そういうことがあると社員が一日に働く時間が短くなってしまうので、痛手だと思う経営者もいるでしょう。でも、そこは「それでいいよ」と肯定してあげた方が、社員にとってはよっぽど気楽なはずです。
編集部:私も同意見です。育児をしているからといって、「休んで申し訳ない」「管理職の人も板挟みになって心が痛い」などは思わなくてもいいんですよ。従業員が心を傷めずに働けるのは、企業にとって非常に大事なことです。
うちも5人子どもがいて、年の差が結構あります。上の子はもう実は20歳の双子です。
上の子には少し申し訳ないのですが、その当時の子育ての反省が下の子にとても活きているということがありました。「こうしていたらよかったな」と思うことももちろんあります。
今でこそ、子育てをしていたときの未熟さが良くわかります。でも子育て真っ最中だと、なかなか気付きにくいものですよね。親も子育ては手探りな訳ですから。だからせめて、会社に対する申し訳なさぐらいは軽減できればと。
———たしかに、そういったストレスが減るだけでも、気持ち良く働き続けられそうですね。
沢木:とはいえ、「育児と両立して働くこと」だけを目的に入社されるのもまた違います。我々が掲げるミッションは、「働きやすさ・働き続けやすさを世の中に提供すること」。つまり、自分たちが社会の人々に、働きやすさを提供する立場でなければなりません。
そのため、自分自身の働きやすさだけを期待して入社されてしまうと、違和感につながりかねないんです。ですから、個人の意志やチームのあり方のバランスの取り方には注意しています。
制度は「つくって終わり」ではなく、活用する人の姿が見えてこそ
———実際に今、育児中の社員の方は多くいらっしゃるのでしょうか。
沢木:社員も今6割ぐらいが女性ですし、男女関係なく、育児中のメンバーが3分の1くらいはいます。

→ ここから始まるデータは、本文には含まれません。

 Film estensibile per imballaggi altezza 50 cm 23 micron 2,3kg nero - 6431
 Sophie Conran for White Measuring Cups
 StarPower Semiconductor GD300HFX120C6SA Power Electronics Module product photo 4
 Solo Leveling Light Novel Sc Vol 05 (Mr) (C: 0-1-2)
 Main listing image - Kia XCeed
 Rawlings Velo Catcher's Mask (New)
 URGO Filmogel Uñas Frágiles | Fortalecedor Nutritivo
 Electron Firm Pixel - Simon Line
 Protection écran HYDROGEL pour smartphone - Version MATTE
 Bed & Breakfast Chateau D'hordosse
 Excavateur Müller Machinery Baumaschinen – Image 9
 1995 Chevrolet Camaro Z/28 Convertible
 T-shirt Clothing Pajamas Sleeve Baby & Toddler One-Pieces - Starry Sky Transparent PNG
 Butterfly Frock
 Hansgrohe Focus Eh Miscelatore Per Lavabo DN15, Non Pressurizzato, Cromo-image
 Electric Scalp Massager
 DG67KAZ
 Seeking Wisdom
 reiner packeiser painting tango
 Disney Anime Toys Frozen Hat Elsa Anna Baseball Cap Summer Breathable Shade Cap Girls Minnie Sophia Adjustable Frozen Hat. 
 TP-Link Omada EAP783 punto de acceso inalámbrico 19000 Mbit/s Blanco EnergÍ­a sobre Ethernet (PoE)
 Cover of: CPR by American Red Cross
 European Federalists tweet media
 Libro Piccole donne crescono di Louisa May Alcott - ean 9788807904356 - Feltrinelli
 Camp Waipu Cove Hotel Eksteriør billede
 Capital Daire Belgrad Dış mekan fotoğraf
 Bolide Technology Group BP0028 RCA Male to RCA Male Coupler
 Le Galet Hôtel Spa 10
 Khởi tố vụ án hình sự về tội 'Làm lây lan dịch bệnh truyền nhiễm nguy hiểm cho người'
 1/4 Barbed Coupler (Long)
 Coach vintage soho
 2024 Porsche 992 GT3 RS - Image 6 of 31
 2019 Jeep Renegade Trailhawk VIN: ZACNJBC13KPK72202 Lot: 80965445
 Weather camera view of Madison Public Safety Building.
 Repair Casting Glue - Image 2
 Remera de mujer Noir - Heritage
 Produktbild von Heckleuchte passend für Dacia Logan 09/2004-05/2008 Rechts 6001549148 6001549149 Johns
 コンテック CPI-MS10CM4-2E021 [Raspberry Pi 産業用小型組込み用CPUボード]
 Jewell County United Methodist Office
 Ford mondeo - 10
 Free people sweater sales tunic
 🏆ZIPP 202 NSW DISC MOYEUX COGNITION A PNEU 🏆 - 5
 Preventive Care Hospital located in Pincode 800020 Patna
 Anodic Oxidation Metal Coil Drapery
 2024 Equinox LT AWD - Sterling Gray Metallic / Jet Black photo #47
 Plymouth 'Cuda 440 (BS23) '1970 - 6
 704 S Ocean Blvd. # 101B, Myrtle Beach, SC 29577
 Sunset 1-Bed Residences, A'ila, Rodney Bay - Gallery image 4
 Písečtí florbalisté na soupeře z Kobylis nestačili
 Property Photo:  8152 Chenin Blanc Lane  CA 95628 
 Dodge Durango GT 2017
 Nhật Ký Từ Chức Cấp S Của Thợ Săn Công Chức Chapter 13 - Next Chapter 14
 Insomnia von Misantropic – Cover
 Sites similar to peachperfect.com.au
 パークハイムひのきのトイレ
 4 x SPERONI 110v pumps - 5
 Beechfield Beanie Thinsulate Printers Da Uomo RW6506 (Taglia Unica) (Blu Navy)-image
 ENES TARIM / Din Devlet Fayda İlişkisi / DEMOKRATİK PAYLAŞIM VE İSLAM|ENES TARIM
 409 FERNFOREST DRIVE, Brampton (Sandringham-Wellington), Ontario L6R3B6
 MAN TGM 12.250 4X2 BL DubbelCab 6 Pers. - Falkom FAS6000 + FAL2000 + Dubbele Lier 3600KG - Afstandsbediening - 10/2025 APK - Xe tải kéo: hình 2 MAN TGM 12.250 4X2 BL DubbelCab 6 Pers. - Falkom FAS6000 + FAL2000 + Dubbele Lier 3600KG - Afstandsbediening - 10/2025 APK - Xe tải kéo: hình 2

そもそもOKANは「育児と仕事の両立ができずに辞めていく人が多い」というところを、何とかしたいと思ってやっている会社です。ですから、自社の社員には少なくともそれを理由に辞めて欲しくないんですよね。
そうなると、社内にセーフティーネットのような制度を手厚くしていくことは必然的です。結果として、育休から戻ってくる率は極めて高い状態です。産休・育休に入るメンバーも一定数以上います。先々月以降から、3人ほど復帰していますよ。
———スタートアップで育休を取得し、複数人の社員が復帰までを経験しているケースは、まだまだ少ないような気がしますが…
沢木:そうですよね。育休から戻ってきたメンバーに言われてうれしかったのは、「この会社だから2人目を産もうと思った」です。
制度の整備だけではなく、その制度を利用して活躍できている人の姿が見られることが重要だと思っています。実際に育休を取得して会社に戻ってくる人がいて、子育てをしながら仕事を両立している姿を見る。その結果、「自分にもできるかも」とまた別の方が思えるのが理想です。
例に挙げた方も、先輩が育休を経て育児と仕事の両立をしている姿を見て、「自分でもできるかも」とご出産をされている状況なんです。
少なくとも出産や育児が理由で、この会社で働けなくなることはありません。そこは会社として大切にしたい価値観です。
編集部:「企業が何のために存在しているのか」というところが非常に重要だと思っています。
僕がこれまで勤めてきた会社でも、女性の出産は「リスク」ととらえているところを目にしてきました。僕はそこにとても違和感があったんです。「育児への支援と企業の組織体制は、実は両立できるのではないか?」と…。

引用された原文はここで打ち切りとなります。